I have just visited the Dexter Street Baptist Church in Montgomery Alabama. It’s where Martin Luther King was first appointed Minister in 1954. Later he returned to Atlanta where he assisted his father alongside his national work campaigning for equal rights for African Americans.
On arriving at the church, I was greeted with a hug by Wanda Howard Battle, a tour guide and member of the congregation. Her parents had also worshipped here and took part in the bus boycott started when Rosa Parks was arrested for not giving up her seat to a white person.
Wanda’s tour took a good hour, although in reality there was little to see, apart from a church. What made the visit special was her passion and commitment that she was playing her part in encouraging equality today. We got to learn about each other in the small group, stood at the lecture from which Luther King delivered some of his famous speeches and were invited to recite a line from one of them.
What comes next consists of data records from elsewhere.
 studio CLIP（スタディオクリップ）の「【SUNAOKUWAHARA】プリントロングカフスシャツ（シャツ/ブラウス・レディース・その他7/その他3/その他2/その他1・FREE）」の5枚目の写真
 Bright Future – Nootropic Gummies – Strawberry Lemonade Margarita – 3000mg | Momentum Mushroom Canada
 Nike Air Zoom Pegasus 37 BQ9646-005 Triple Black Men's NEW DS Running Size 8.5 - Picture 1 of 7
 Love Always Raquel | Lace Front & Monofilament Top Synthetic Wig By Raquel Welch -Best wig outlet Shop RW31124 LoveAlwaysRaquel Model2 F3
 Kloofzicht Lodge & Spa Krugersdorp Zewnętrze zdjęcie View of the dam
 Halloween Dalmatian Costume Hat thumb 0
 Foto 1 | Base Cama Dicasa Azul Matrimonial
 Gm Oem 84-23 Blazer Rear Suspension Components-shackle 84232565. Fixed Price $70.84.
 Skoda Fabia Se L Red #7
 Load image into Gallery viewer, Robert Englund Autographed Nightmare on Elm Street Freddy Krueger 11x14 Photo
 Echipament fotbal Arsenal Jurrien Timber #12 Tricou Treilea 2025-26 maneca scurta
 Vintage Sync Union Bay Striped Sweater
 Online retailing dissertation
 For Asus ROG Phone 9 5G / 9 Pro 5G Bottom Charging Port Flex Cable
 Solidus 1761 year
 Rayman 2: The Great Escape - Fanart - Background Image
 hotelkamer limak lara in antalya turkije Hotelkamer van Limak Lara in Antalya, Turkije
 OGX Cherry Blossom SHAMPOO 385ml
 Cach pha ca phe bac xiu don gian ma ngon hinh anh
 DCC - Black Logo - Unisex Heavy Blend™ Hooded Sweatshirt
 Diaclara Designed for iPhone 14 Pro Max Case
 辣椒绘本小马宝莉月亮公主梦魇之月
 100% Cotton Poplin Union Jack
This turned a tourist visit into a meaningful experience, that prompted me, and I’m sure others, to reflect on our values, our beliefs and what we are doing (or not) to encourage others to see the folly of discrimination and prejudice. As a Quaker with a passion for combating inequalities, this was for me powerful stuff. I could see that others were moved by the experience.
Wanda’s faith was clearly central to her life. It makes what she does so effective, because she feels she is doing God’s work, which whatever your religious view, cannot be denied. The most successful entrepreneurs I know are also driven by an innate belief that what they are doing is right. Some are religiously motivated, and others by past personal experience of injustice.